I guess some people want all the symbols of gender or class or social group or whatever to be congruous, but I think that gets visually boring.

And going from the general to the specific, Weeze, I think you'd totally rock short hair. I'm sure you'd get some slightly stunned reactions, but I bet that soon most people would have a hard time thinking of you in long hair.


----------



## Mishty (Sep 27, 2010)

I have always had long hair, even when I get 20 inches chopped off, give me a year and it's "long" again.

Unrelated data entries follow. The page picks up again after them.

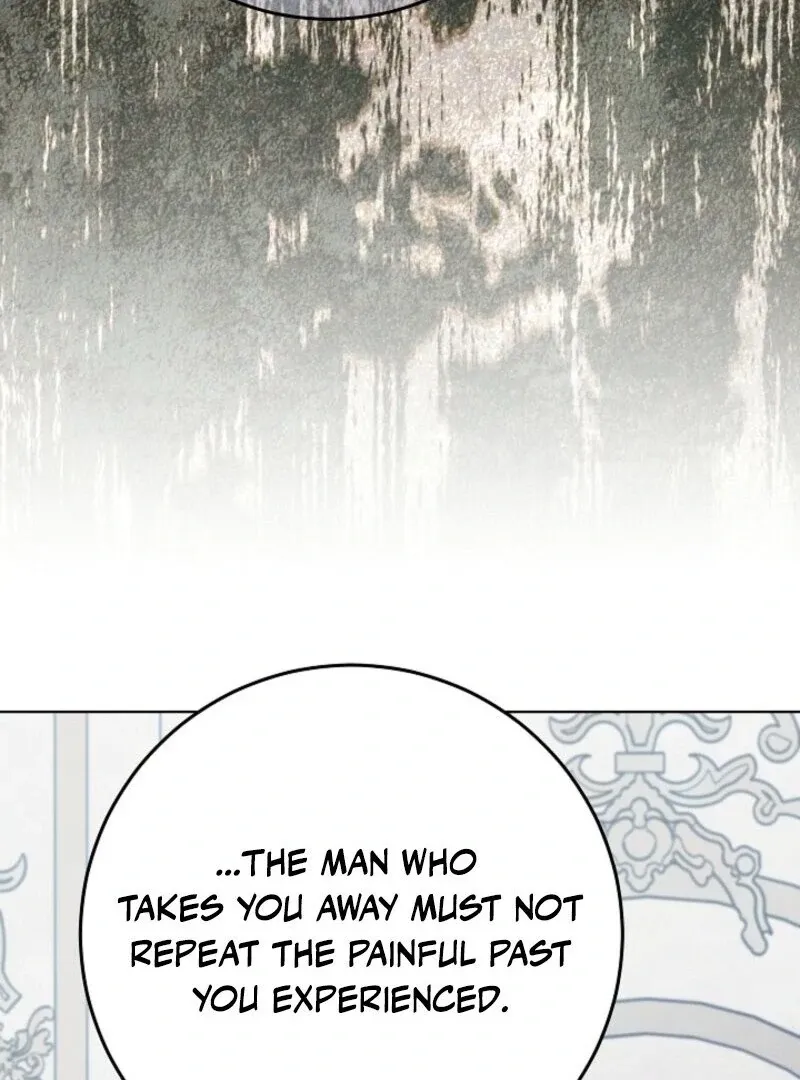Villainess Reborn: 24 Hours Chapter 61 page 151 - 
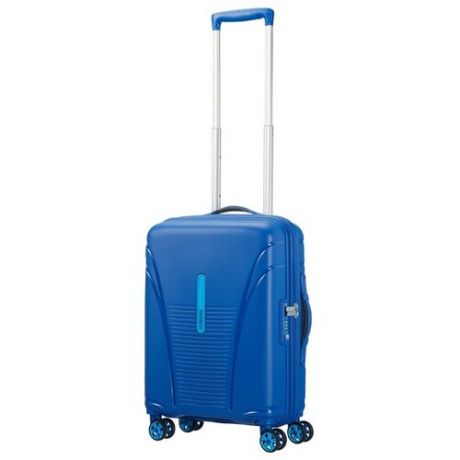 Чемодан American Tourister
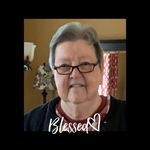 Eddie Crumley Crews - @profile.phpid100005119188338 - Instagram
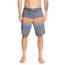 Quiksilver Seasons Beachshort 20 - Mens, Ebony, 30, EQYBS04167-KSD6-30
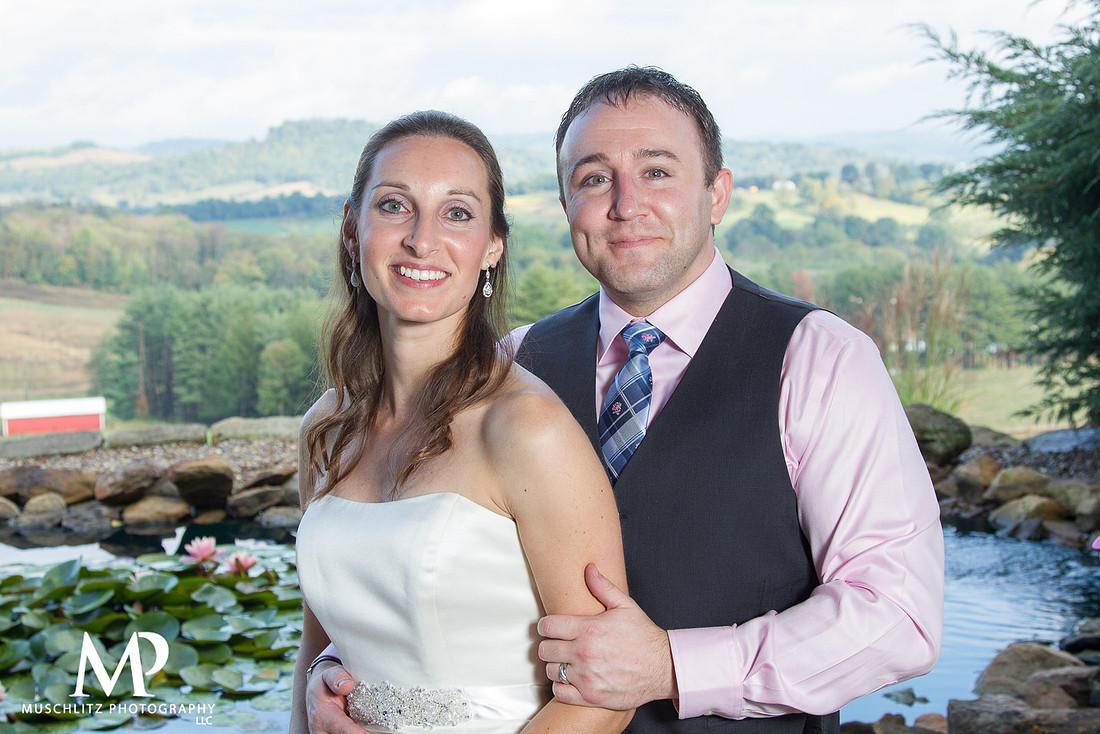 Best-of-2013-weddings-salesville-ohio-pine-lakes-lodge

I have uber thick curly/wavy hair, that is more dishwater blond than brown, and I dye it between 1-3 times a year, I can pull off super light blond dye because my roots don't really show, I do this with light red dye to, but red hair goes dull so fast I get annoyed and prefer to just put in a red semi-perma dye every few years to change things around. 

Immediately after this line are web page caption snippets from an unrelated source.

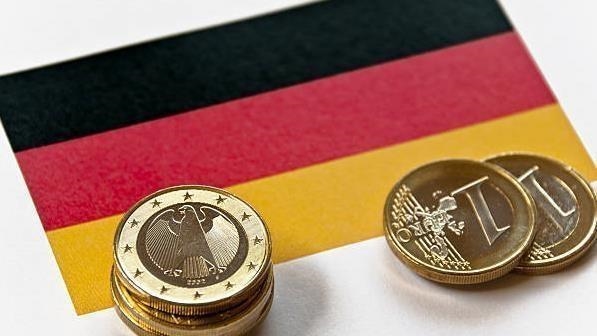 Германски истражувачки институт: Германската економија влезе во рецесија
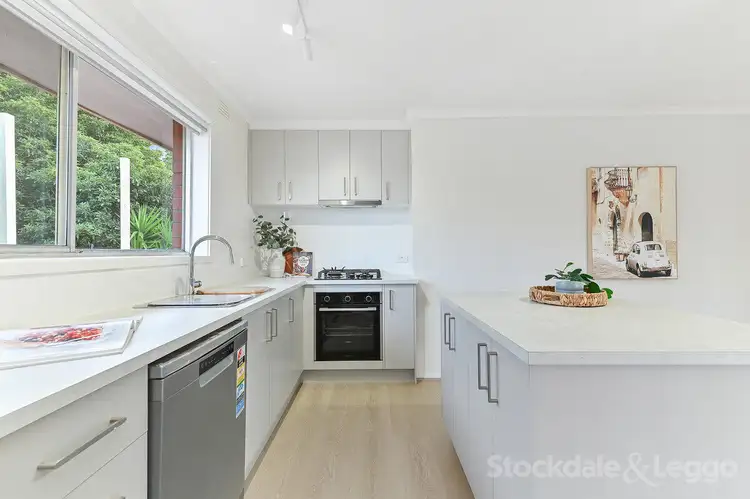 Third view of Homely house listing, 15 Philip Road, Hallam VIC 3803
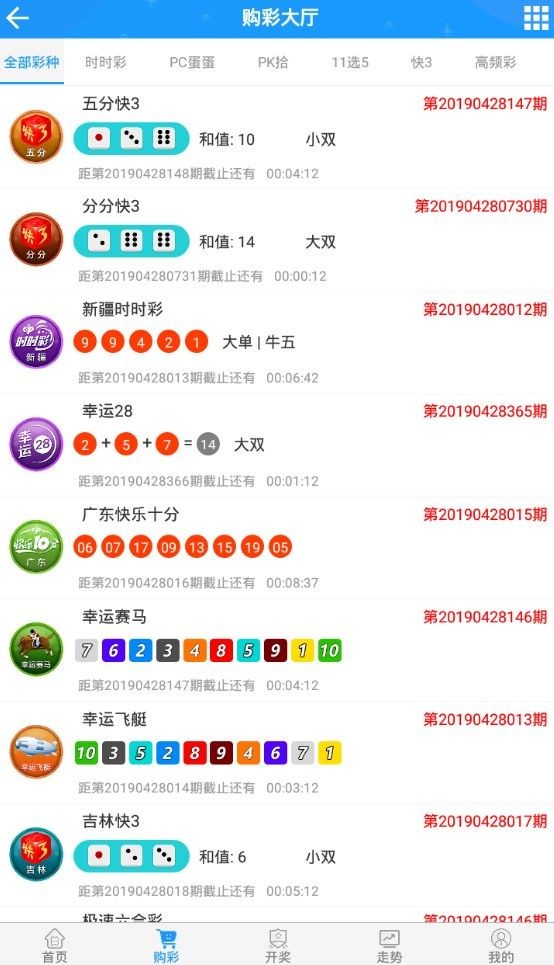 澳門歷史最快開獎(jiǎng)記錄，探尋彩票背后的故事，澳門歷史最快開獎(jiǎng)記錄揭秘，彩票背后的故事探索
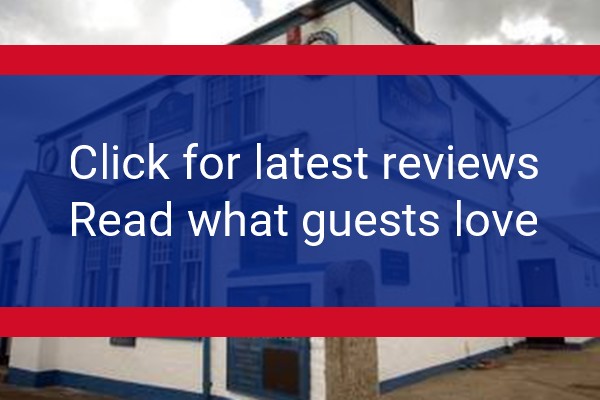 www.pariscoverack.com - check out latest independent reviews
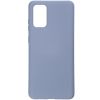 Чохол до мобільного телефона Armorstandart ICON Case Samsung S20 Plus Blue (ARM56356)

I guess when my hair is down I get a lot more attention, but maybe it's cause I have this massive forehead :doh: 

I get hands in my hair when it's down, and when this happens I get shivers and goose bumps so fast....  I don't know why, but when I wear my hair down men and sometimes women just wanna....touch it. I hate this, and think it's one of my main reasons I wear it up in a sloppy knot or side pony. 

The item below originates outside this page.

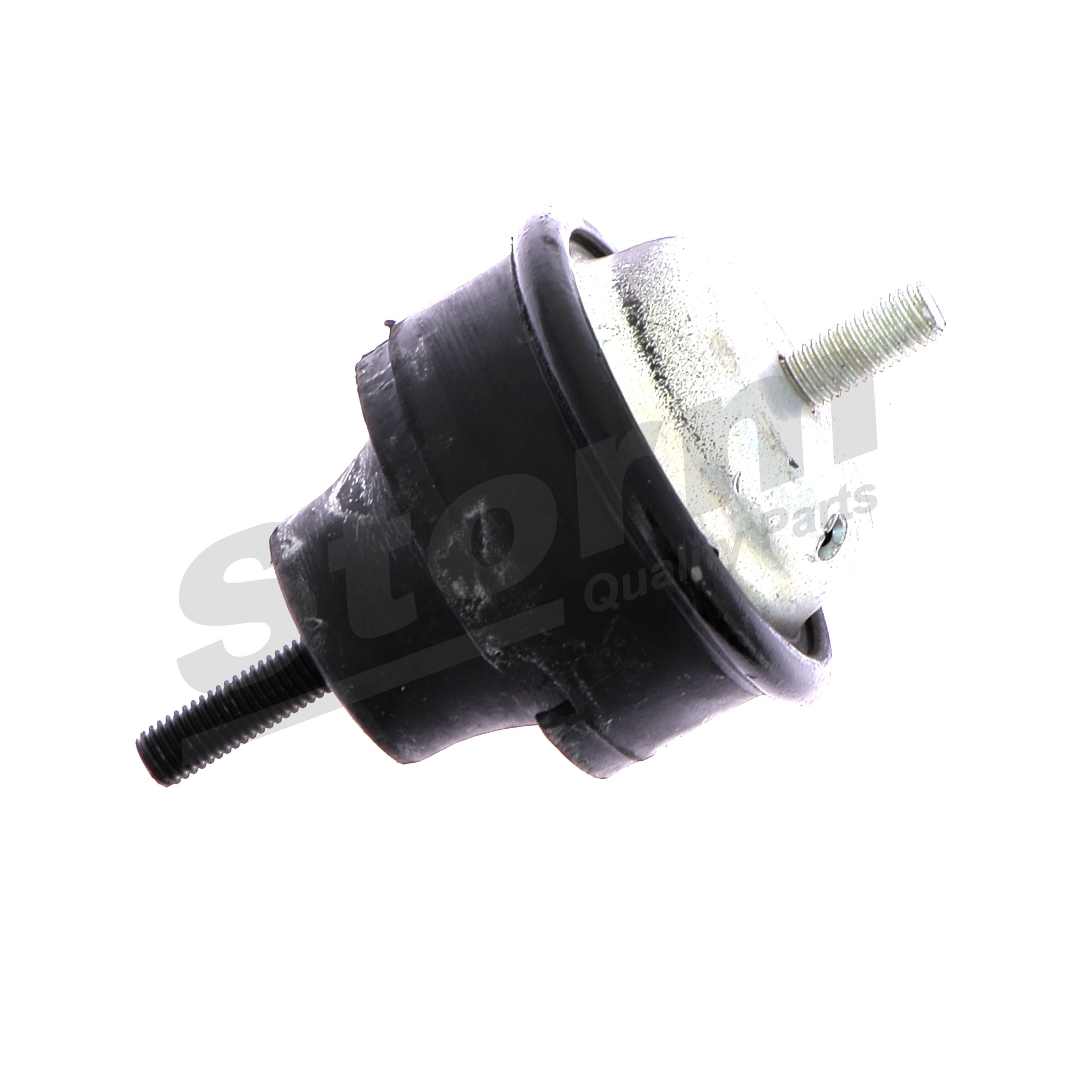 Support moteur (Silent bloc moteur) Storm ref. 0697H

I cut my own hair or let anyone that's nearby cut it, 'cause I really could care less, but I don't like people touching my head/hair AT ALL! I've only had less around 10(or less) actual haircuts from salons in my life. The whole time I just sit there rigid and tense. 

My Mama grew her hair passed her knees when I was little girl, my Daddy loved it, still does, he complains a lot about her cutting her hair so short now that shes older.


----------



## Dr. Feelgood (Sep 27, 2010)

Weeze said:


> BUMP.
> 
> I'm looking to get my hair cut a lot shorter, but I'd be lying if I said the biggest thing holding me back wasn't the way it'd make other people react. IT IS SO FRUSTRATING. I hate that women with short hair have such a hard time being viewed as feminine.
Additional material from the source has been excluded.